Sunday, January 8, 2017

Poland by James Michener

Nearly a year after I started Poland by James Michener, the book has been finished. I began the book in anticipation of our trip to Poland in June of 2016. The tome was over 650 pages and really needed a very extended period of free time to be able to read it in a timely fashion. That is something that just doesn't happen in my life. Between book club books and client work, I had to read the book in piecemeal style. I have always enjoyed Michener's books, but this one was tedious and I probably would have not finished it if I weren't so stubborn about reading to the end of a book that I have started.

The novel centers around the story of three families of Buk, Bukowski and Lubonski from the very early history of the land around 1240 through the present time - that when Michener wrote it - 1983. They represent 3 social groups from peasant to noble to magnate. It begins in 1981 with a meeting of the minister of agriculture and the leaders of the farmers. It is during the Communist rule and centers around the possibility of forming a union.
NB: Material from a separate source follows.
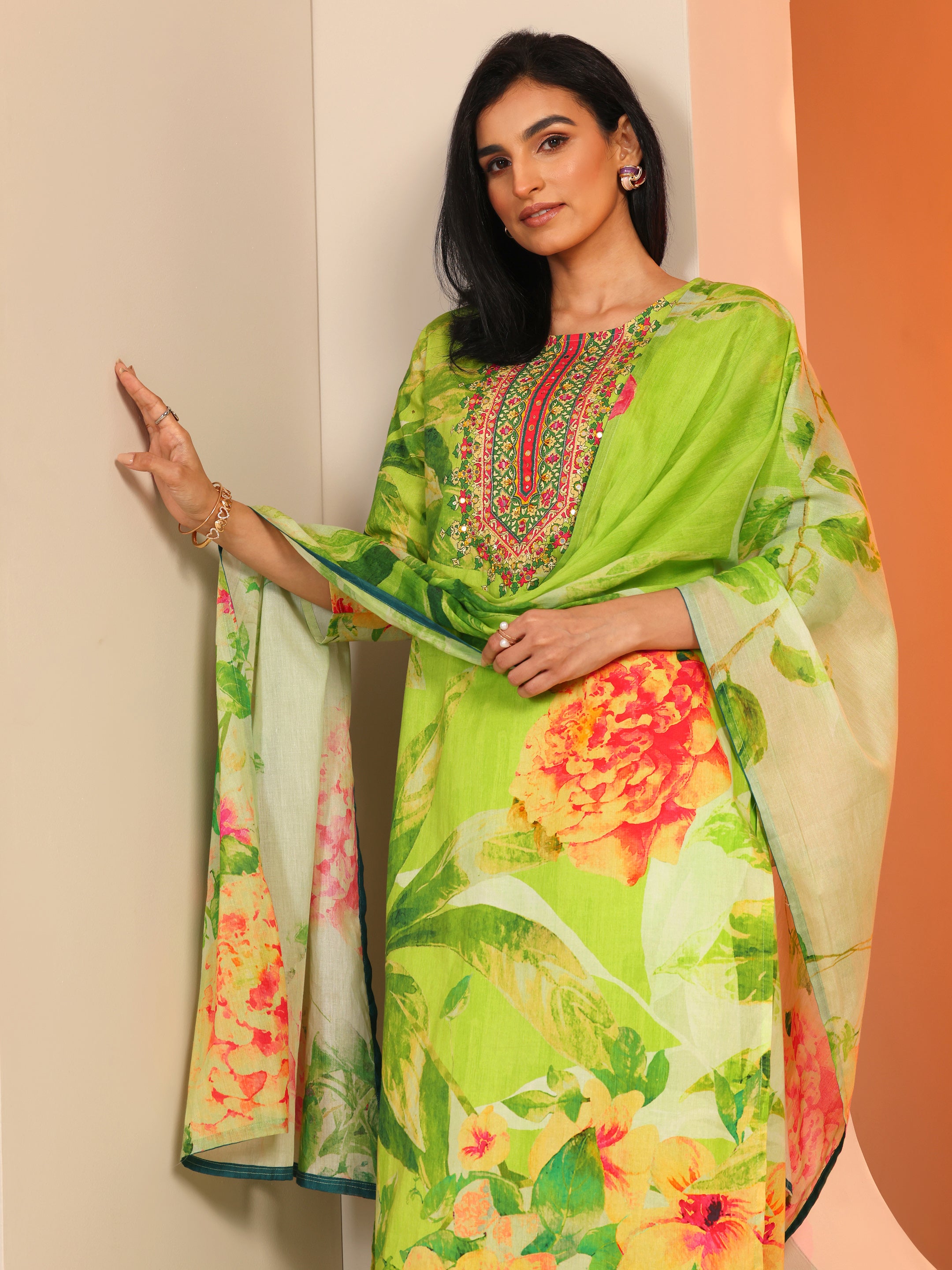 libas Green Printed Cotton Straight Suit Set With Dupatta-picture-36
It is reminiscent of the beginning of the Solidarity movement. From that introduction to the families the reader is taken back to the time of the invasion of the Mongols into Poland.
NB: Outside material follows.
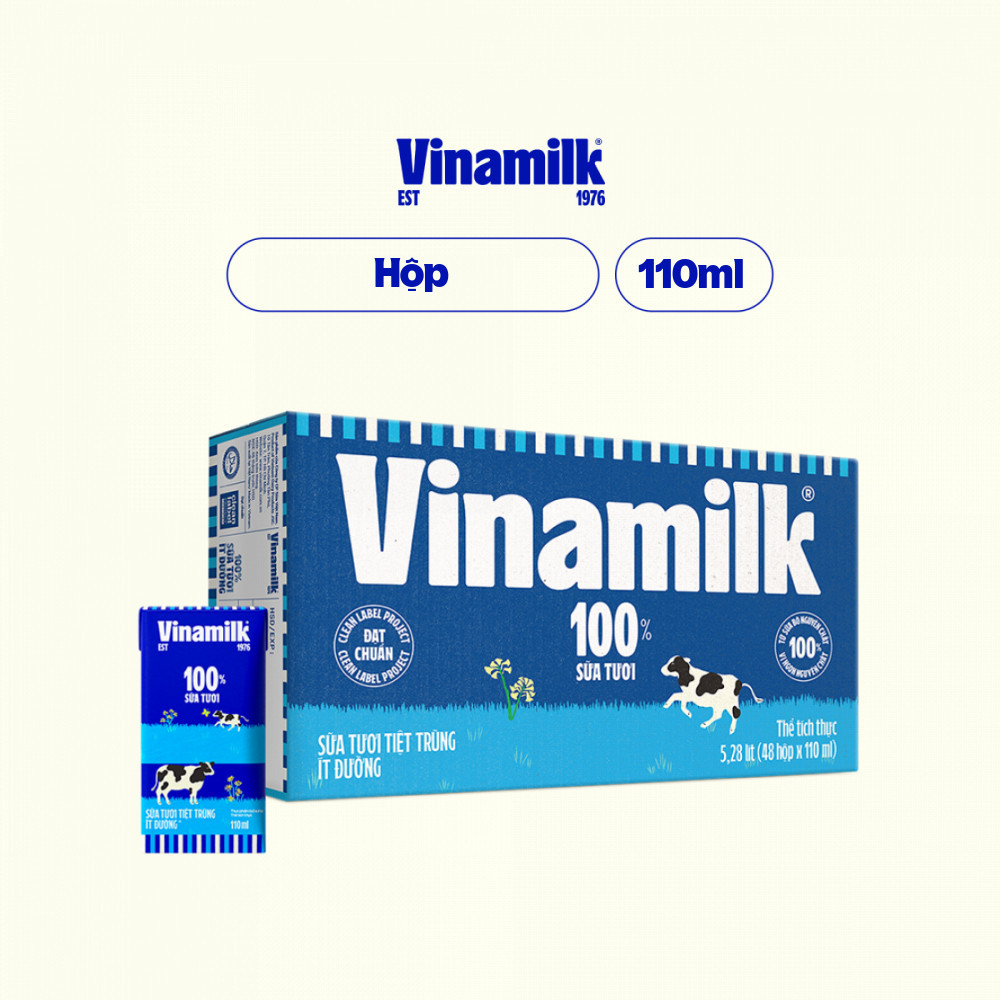 [Vinamilk] Thùng 48 Hộp Sữa Tươi Tiệt Trùng Vinamilk 100% Ít Đường - 110ml/hộp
It would take nearly as many pages to describe all the action of Poland as the length of the book itself. One of the most ponderous effects of the novel was the superabundance of names. It was difficult to keep them all straight. I did find that the pace of the novel picked up as we got to the 1800s. The story of the Golden Freedom, the partitioning of Poland, the rise of the Nazis and the horror of the Holocaust were much more accessible than earlier chapter. To this reader the in depth description of battles, armies, and armor is tedious and "skip-worthy." However, Michener does weave certain themes through the book. Poland has always been a liberal player in the history of eastern Europe and has been the target of numerous Russian invasions. Yet, through it all, the Poles have managed to survive and as we are witnessing today, almost thriving. Warsaw is a growing and vibrant world capital today, proving Michener's points. 

For anyone with the time and interest in this country, this is would be a great read. It begs to be read in less time than a year, but it did give insight and perspective into the history of a beautiful country that is a gem for anyone to visit.